Machine Learning Model and Workflow Management Framework
Updated: Apr 25, 2019
ML / Data Analytics training and model management system that support multiple ML engineers and data scientists using on-premise infrastructure
A computer system vendor was helping a technical institute to build on-premise infrastructure. The technical institute planned to open data science and machine learning classes. They were looking for a solution that would allow them to offer pilot classes for interested students. They have a number of older machines and a limited budget to acquire a few new machines with GPU. If the new class goes well, they planned to acquire more machines from the system vendor.
The system vendor approached us to offer a scalable solution with following requirements:
The system allows multiple students and faculties to conveniently share storage and compute resources for their in-class and lab project works.
It allows the IT admin to allocate and oversubscribe GPU and storage resources for the students.
It offers students software development and debug environment for commonly used machine learning frameworks like Tensorflow, PyTorch, MxNet, etc.

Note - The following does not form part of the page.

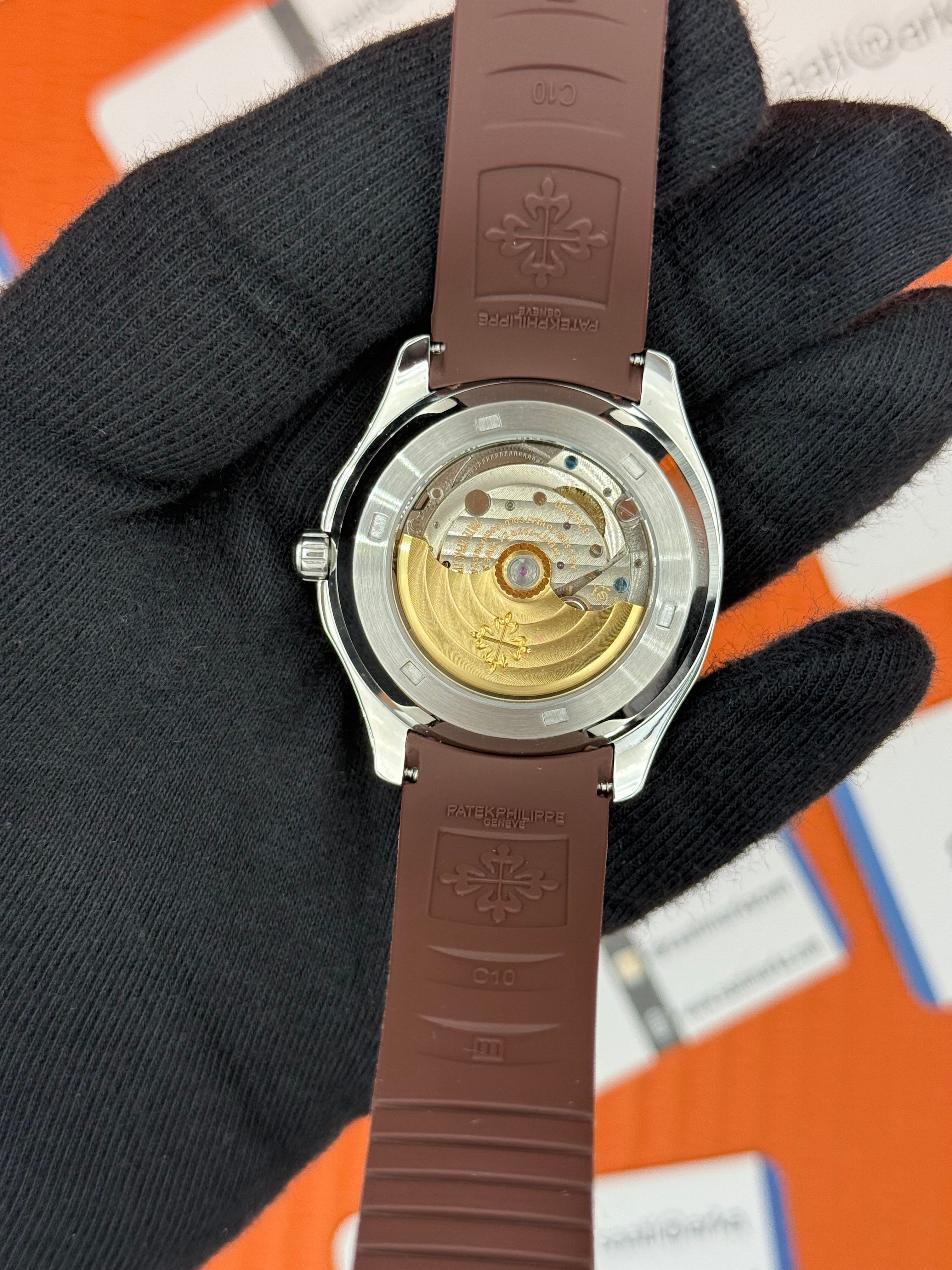 PATEK PHILIPPE AQUANAUT GRİ KADRAN SİLVER KASA KAHVERENGİ KAUÇUK KORDON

It allows multiple students to run long running ML training jobs, based on their allocated resources. It automatically schedules the job when there is a backlog.
It provides the admin a dashboard to conveniently monitor and manage the load and jobs.
Full Product Design and Development Service
We worked with the system vendor’s engineering and product management team by providing them consultation and engineering services throughout the product development process:
Training: We offered multiple training and demo sessions to educate the product managers and engineers about machine learning algorithm development, training and tuning workflows.
Product requirements definition: We helped product managers to define product requirements that would best fit the needs of the clients.
Project planning: We worked with the engineering team in defining the Agile project plan that would roll out features to the product team in a few iterations.
Development: We helped the engineering team in implementing dockerized services, data analytics, machine learning workflow management model management
Testing: We have developed a set of data science and machine learning tests to validate the correct operation of the system in different cluster configurations.
We successfully completed the release of product in time and fully satisfied the requirements of product team.